"...sus manos engendrantes se hicieron golondrinas luminosas en cada canción que se le confiaba...''

Se fue tranquilo con la vida, parejito de tonadas, cuecas y valses cuyanos. Los prodigios de su enorme guitarra hacedora han quedado amarrados al mundo de Dios, donde bien están las cosas dignas y ejemplares. 


San Juan debe muchos reconocimientos. Generalmente no se ama y premia del modo que corresponde a quienes nos dan lustre hacia afuera. Y no digo cuando el agraciado con el talento se fue, digo cuando está entre nosotros, regocijante de vida y posibilidades de seguir prestigiándonos. San Juan muchas veces olvida sus ídolos, sabiendo que lo son y colocándolos a la zaga de los de afuera. Es hora de recomponer el orgullo, de darnos el lugar, de no privarnos del merecimiento, de dar al César lo que es del César.

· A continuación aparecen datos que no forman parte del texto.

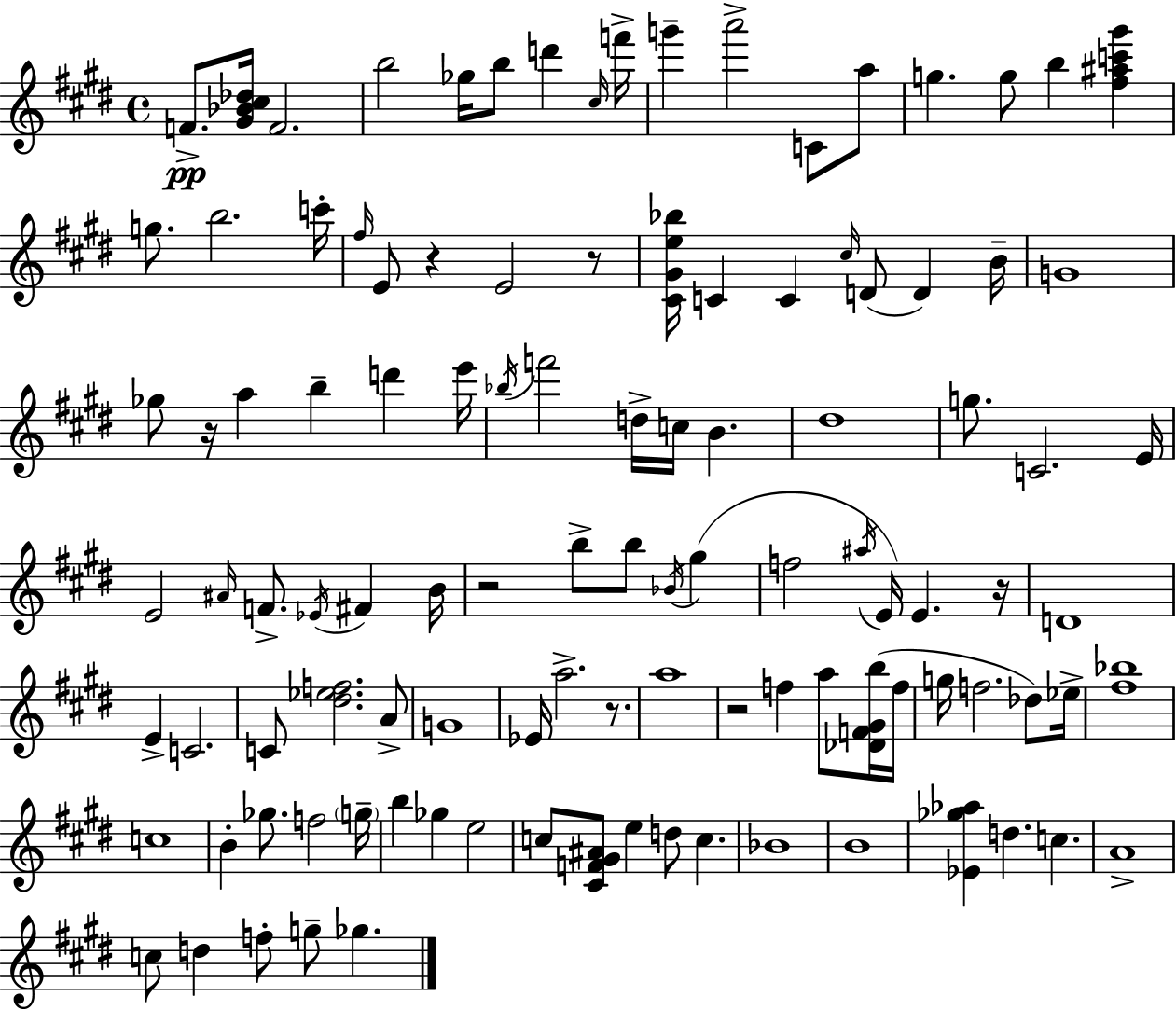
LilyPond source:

Se ve en otros lados una especie de reverencia (debido respeto fundamental, digamos) por los comprovincianos que se destacan y que, justamente por eso, honran a su tierra ante el mundo. Hasta hemos sufrido un trato de algún modo preferencial hacia los coterráneos de lugares donde hemos cantado. Todo algún día puede pasar, caer en el balcón de los olvidos, el pasado sin brillo, menos la obra de los artistas. Ellos han engalanado una tela, honrado una danza, construido un poema triunfal, creado una canción que vuela y vuela sin límite por el sentimiento y el mundo; eso los hace invencibles.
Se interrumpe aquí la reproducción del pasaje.